HyHTM is an implementation of a hierarchical topic modeling algorithm using hyperbolic geometry. The algorithm is described in detail in the paper [Add paper link].
To set up the environment for the HyHTM code, please follow these steps:
- Install all the dependencies from requirements.txt. This version has been tested under Python 3.
- Download the word embeddings used in the paper, which are Poincare Glove embeddings. The embeddings can be found at this link: https://polybox.ethz.ch/index.php/s/TzX6cXGqCX5KvAn. We use the mix-poincare embeddings called "poincare_glove_50x2D_cosh-dist-sq_init_trick". Place the embeddings in the "embeddings" folder.
- Place your dataset in the "datasets" folder.

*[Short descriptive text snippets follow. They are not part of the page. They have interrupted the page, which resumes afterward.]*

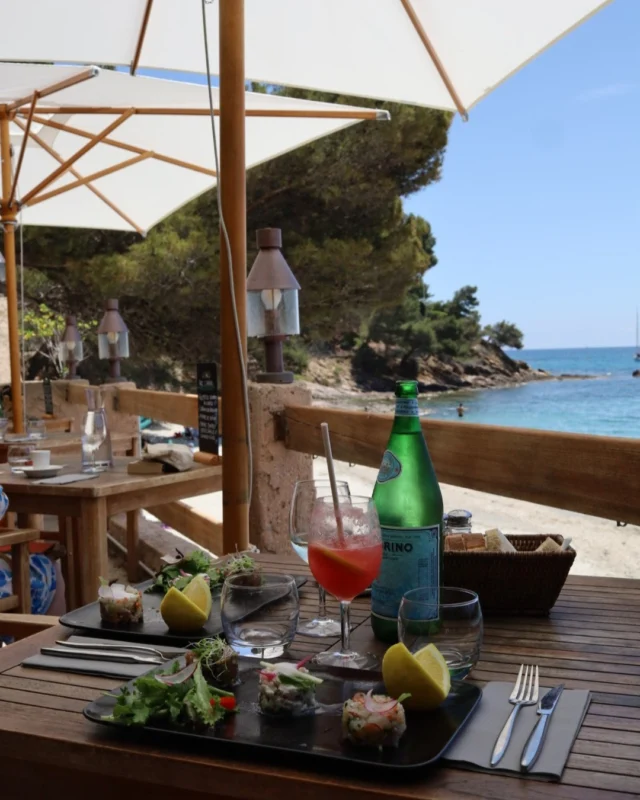 Déjeuner au son des vagues, baignade face à la mer et sérénité absolue 🌴 
- 
Lunch with the sound of the waves, a swim facing the sea, and pure serenity 🌴

 #lebaillidesuffren #lovebailli #baillimoments #domainedubailli #lespiedsdansleau #hotelview #seaview #beautifuldestinations #beautifuldestinations #perfectspot #happyplace #seaview #sainttropez #var #visitvar #golfedesainttropez #southoffrance #southernliving #frenchriviera #mediterranee #mediterraneanvibes #hotelwithaview #hotellife #beautifulhotels #hotelstay #hoteldesign #travelgram #travellife #slowlife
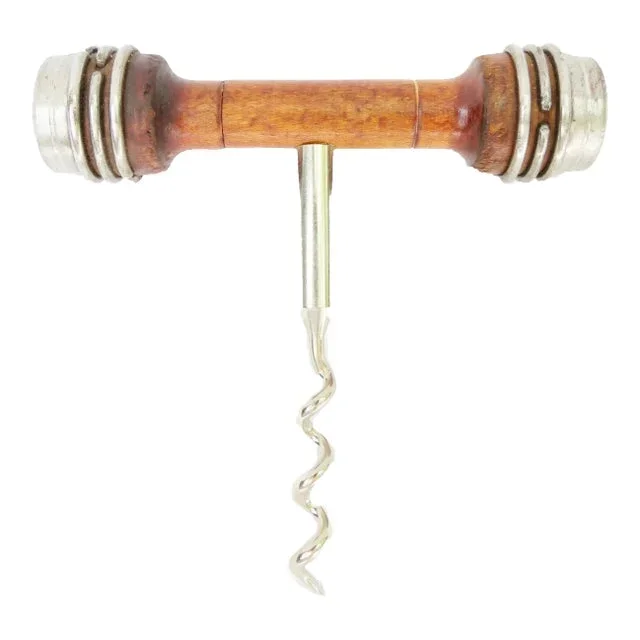 Antique Industrial Bobbin Corkscrew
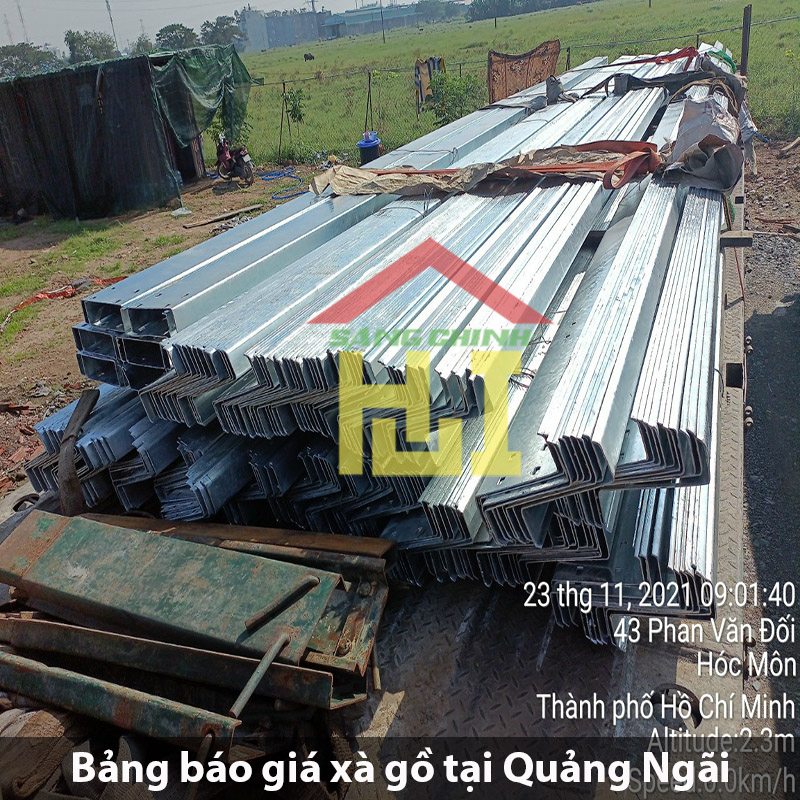 Bảng báo giá xà gồ tại Quảng Ngãi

To run the HyHTM code, use the following command in your terminal:
python -W ignore codebase/main.py --dataset <dataset> --gpuID $gpuID --alpha <term-term-alpha> --K_similarity <term-term-similarity K> --K_hierarchy <term-term-hierarchy K> --Ntopics <Ntopics> --levels <levels>
--dataset: the name of the dataset you want to use. --gpuID: the ID of the GPU you want to use. If you want to use the CPU, use -1. --alpha: the value of the term-term alpha parameter. --K_similarity: the number of dimensions used to approximate the similarity matrix. --K_hierarchy: the number of dimensions used to approximate the hierarchy matrix. --Ntopics: the number of topics you want to discover. --levels: the number of levels you want to use in the hierarchical model.
Note that the --gpuID parameter is optional. If you don't provide it, the code will use the CPU by default.
Please cite our paper if you use this code for your research.